I’ll try anything to get my kidney to work. I traveled to Santa Barbara several years ago to meet a hypnotist who treated me once a week in a glass-walled office overlooking the Pacific. Hypnosis worked well for pain, but nothing happened to make my kidney heal. I went to an acupuncturist over the course of a year and lay with needles sticking out of my back for half-hour increments in a bid to make the kidney restart. I’ve written to researchers who have grown new kidneys in mice, volunteering to be a human guinea pig; they all said it was too early to try out the procedure on me, that this technology is at least a good decade away. And my mother and I have prayed for help from every saint in the saint lexicon. My patron saint against kidney disease is St. Margaret of Antioch. There are prayer chains of elderly ladies across the U.S. asking for a kidney miracle for me, at the urging of my mother and her cronies, who e-mail chain letters about my illness.
“Saint Margaret, pray for me,” I say, probably only in my head, because I’m pretty sure my lips have stopped moving.
I used to wonder if God hated me. Then, around age twenty-four, I had an epiphany. God doesn’t hate me more than He hates anyone else. Good people die, horrible people live trouble-free lives. He’s a pretty hands-off type of deity. It’s the cost of free will. We’re not pawns in a game, like in Clash of the Titans.
So if this IVP test is what I have to do, so be it. Whatever happens will happen.
“I’m here,” I hear my mother say.
The IV goes in. I barely register it.
The Benadryl hits my system and I pass out.
• • •
I AM STANDING in my rose garden, only it’s a perfect rose garden. No bugs, not even any dirt, just perfect blooms. My house is gone. This doesn’t bother me, because the sky is so perfectly clear.
I see my two Hulthemia parents, the ones I started last year. I bend and sniff the mother I used. They are growing out of what should be the ground but is a sterile hospital floor.
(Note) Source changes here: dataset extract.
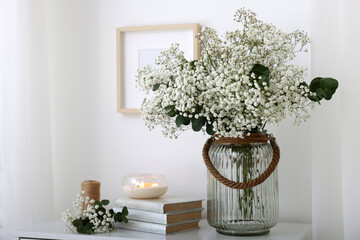 Bouquet of beautiful gypsophila flowers and eucalyptus branches in vase near decorative elements on chest of drawers indoors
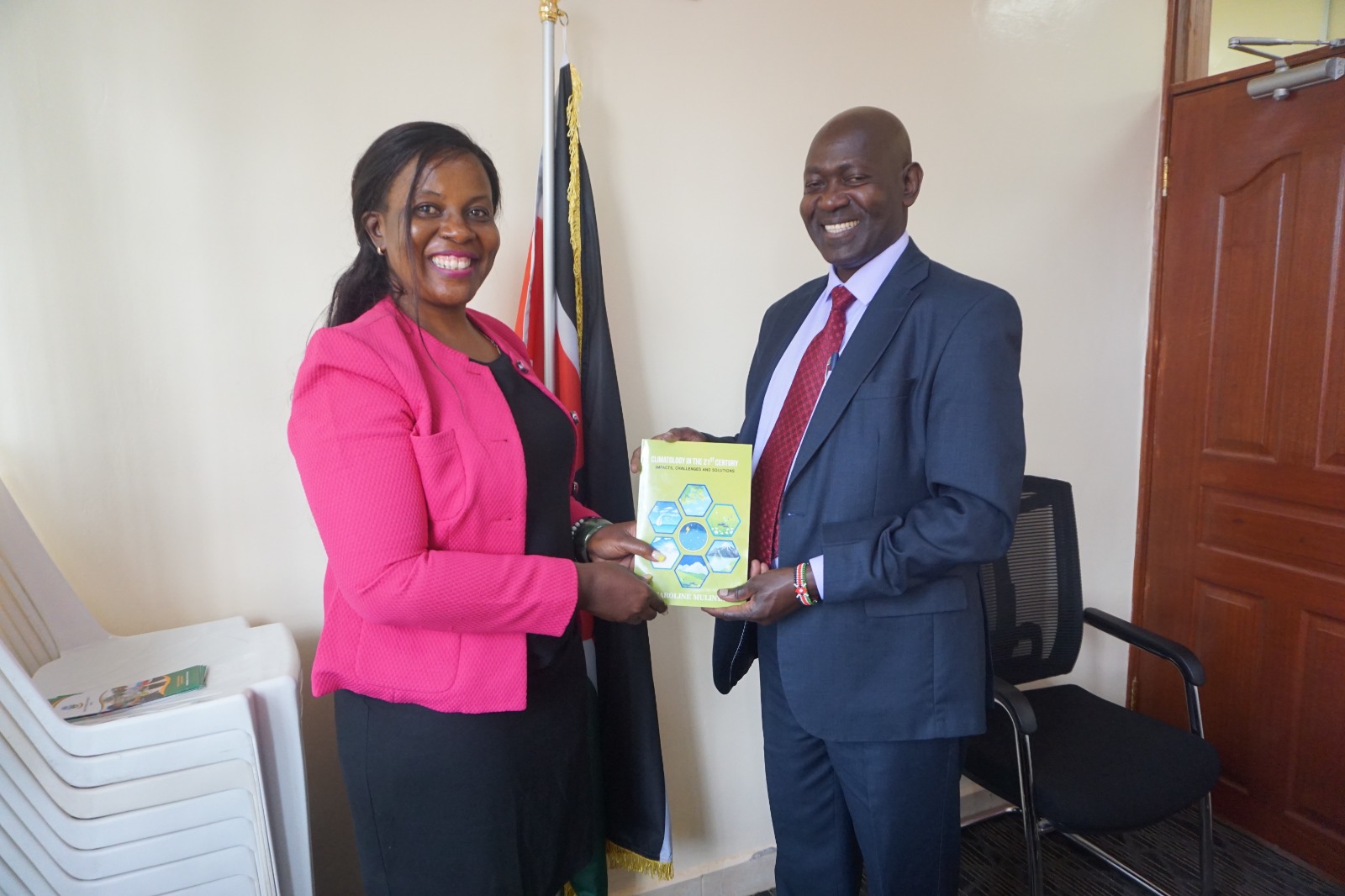 Dr Mulinya Presenting her book to KAFU Ag.VC Prof. Peter Mwita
Riley stands nearby, holding a black hose connected to nothing. “I’m watering the roses, Auntie.” She isn’t paying attention to what she’s doing, she’s flooding the flowers. They will die.
“Stop it, Riley.”
She ignores me. “I know what I’m doing.”
I try to move, to get to her and stop her. But I am rooted to my position. When I look down, I realize I have no feet. It is quite clear I am becoming a rose myself.
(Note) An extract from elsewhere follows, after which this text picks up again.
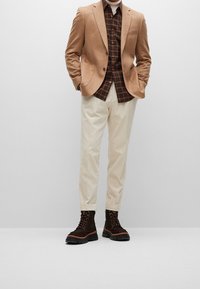 Bruine wolblenden blazer, geruite bruin en zwarte shirt, crème tapered broek, donkere veterschoenen van leer met een textuur en rubberen zolen.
Byron appears before me, his chest nearly colliding with my eyeballs. “Ms. Garner?” He’s holding the rose I’m taking to the contest. His eyes look so very very blue, like exotic oceans I have never seen. “Congratulations. You have won the gold medal.”
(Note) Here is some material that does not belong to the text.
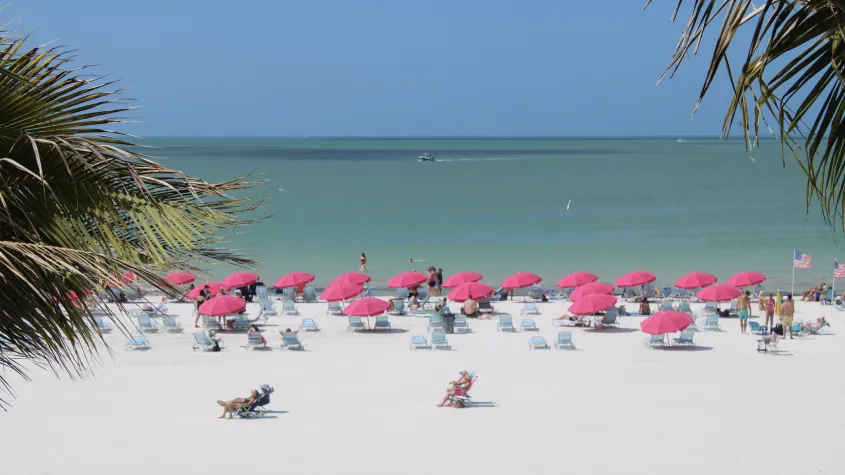 balcony view of white sandy beach, palm trees, pink umbrellas in the sand and blue water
“Yay! I won!” I turn my head and expect to see Riley, my mother, my father standing there. But there’s only an empty greenhouse.
I turn back and Byron is gone.
My roses have disappeared.
The rose in my hand grows hotter and hotter until it melts away into ribbons of molten lava colors and I drop it with a soundless cry.
• • •
I OPEN MY EYES. I hear my heart pounding in my ears. My mother is shouting from a distance. Dr. Blankenship is at my feet, new lines creasing her face. She is not as young as I thought. A nurse has an oxygen mask pressed to my face.
My first thought is to ask if Riley turned the water off. No, that wasn’t real. I wait for the dream to dissipate. Something bad has happened. But I’m still alive.
My eyes feel puffy and my throat aches. I’ve had another allergic reaction. They have stuck me with epinephrine to resuscitate me.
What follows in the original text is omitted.